* _Directions_
Your copy should match the listing word for word, apart from the pictures, which are left out.

* _Collected material_
────────

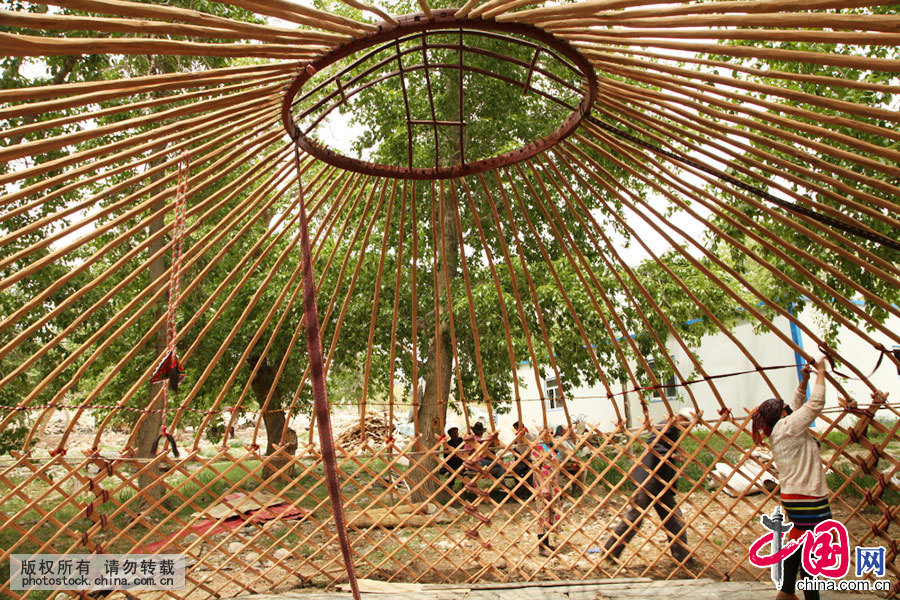  毡房，哈萨克语之为称“宇”，它不仅携带方便，而且坚固耐用，住居舒适，并具有防寒、防雨、防地震等特点夏季来了，塔尔肯邀请了左邻右舍帮自己搭毡房。哈萨克毡房上部为穹形，下部为圆柱形，四壁有网状的木杆搭成整个毡房的骨架，外包白毡。中国网图片库 孙继虎/摄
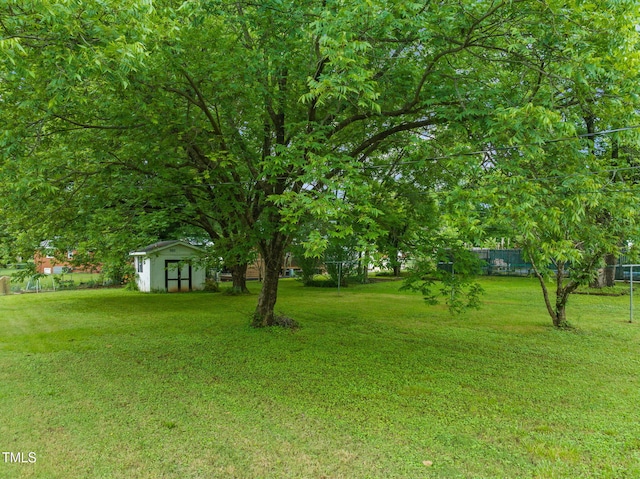 218 Forestville Rd, Wake Forest, NC 27587 - view of yard featuring a shed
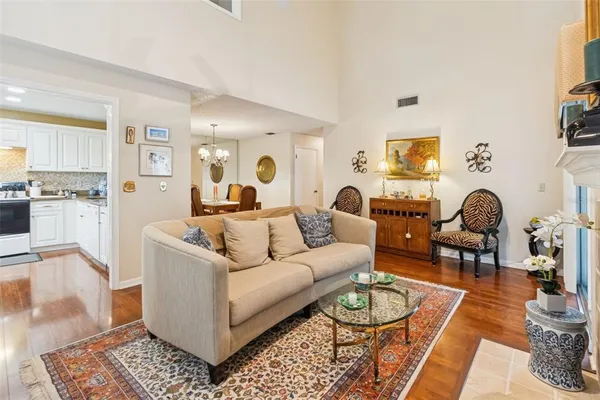 a living room with furniture and a table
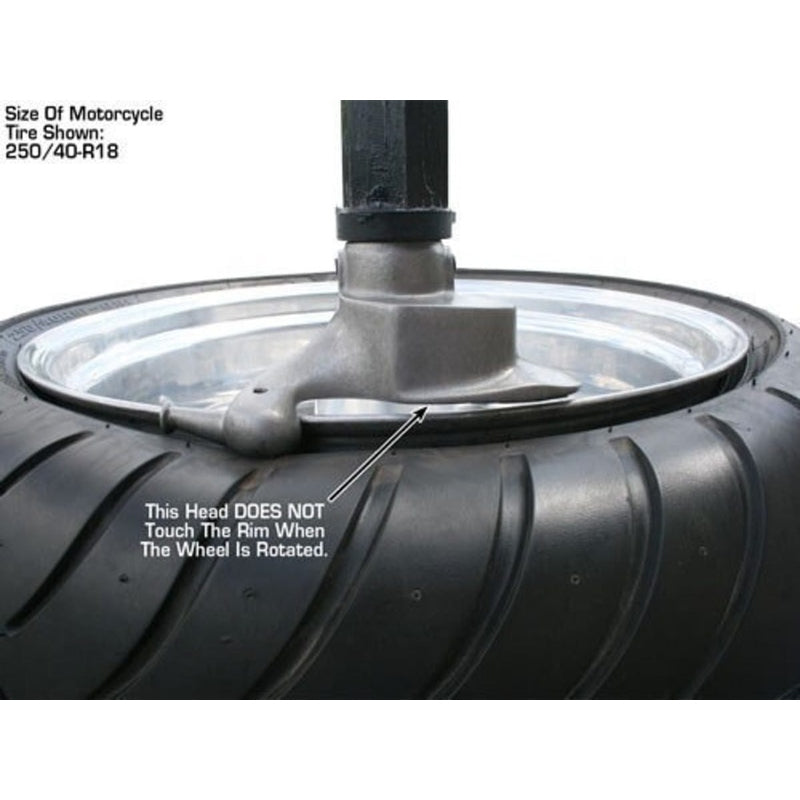 A close-up of a mounted tire and rim on the Atlas TC755DAA, showing the bead roller in place and noting that this head does not touch the rim when the wheel is rotated. The tire size is labeled as 250/40 R18.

────────

* _Result_
  毡房，哈萨克语之为称“宇”，它不仅携带方便，而且坚固耐用，住居舒适，并具有防寒、防雨、防地震等特点夏季来了，塔尔肯邀请了左邻右舍帮自己搭毡房。哈萨克毡房上部为穹形，下部为圆柱形，四壁有网状的木杆搭成整个毡房的骨架，外包白毡。中国网图片库 孙继虎/摄
 218 Forestville Rd, Wake Forest, NC 27587 - view of yard featuring a shed
 a living room with furniture and a table
 A close-up of a mounted tire and rim on the Atlas TC755DAA, showing the bead roller in place and noting that this head does not touch the rim when the wheel is rotated. The tire size is labeled as 250/40 R18.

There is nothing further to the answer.